Injuries In Basketball
Basketball injuries are typically the result of the jumps, sudden stops, starts and bursts of acceleration required as well as physical contact between the players. The jumping, starting, stopping and short sprints place a significant amount of pressure on the knees and ankles. The resulting injuries can range from ankle sprains and achilles tendonitis to knee tendonitis and osgood-schlatter disease. Finger injuries can also occur from time to time.

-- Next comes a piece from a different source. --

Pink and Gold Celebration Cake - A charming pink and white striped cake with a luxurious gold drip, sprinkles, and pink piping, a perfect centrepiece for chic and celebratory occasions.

Athletes can reduce the risks of injuries to the ankles and knees by following properly designed conditioning routines that are designed to strengthen those areas. They can also wear adhesive and cohesive tapes on their ankles and knees to proactively reinforce them.
Physical contact between players can also result in injuries to the face and/or mouth. Mouthguards can also be used to protect the teeth and other parts of the mouth. If you have previously experienced a facial injury and would like to reduce the risk of re-injury of that area, a face guard may be the optimal solution. Basketball injuries to the mouth or face can be relatively severe. A face or mouth guard is an inexpensive way to reduce the severity of these injuries.

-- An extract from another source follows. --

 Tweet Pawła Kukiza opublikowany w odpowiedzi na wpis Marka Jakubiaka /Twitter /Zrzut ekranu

Other useful accessories for avoiding basketball injuries include compression shorts and other hip or groin supports. The need to undertake sudden short sprints can also cause groin or thigh injuries. Compression shorts, for example, can reduce the incidence of these injuries by reducing unwanted muscle vibrations in those areas. Similarly, calf supports can be useful for avoiding basketball injuries like calf strains.
For many basketball injuries, players can use a range of ankle and knee braces to promote recovery. Kinesiology tape can also be a useful aid in promoting faster recovery of injured or sore ankle, knees and other areas. It will also help tired and aching muscles to recover more quickly from repetitive stress basketball injuries after a game or training session.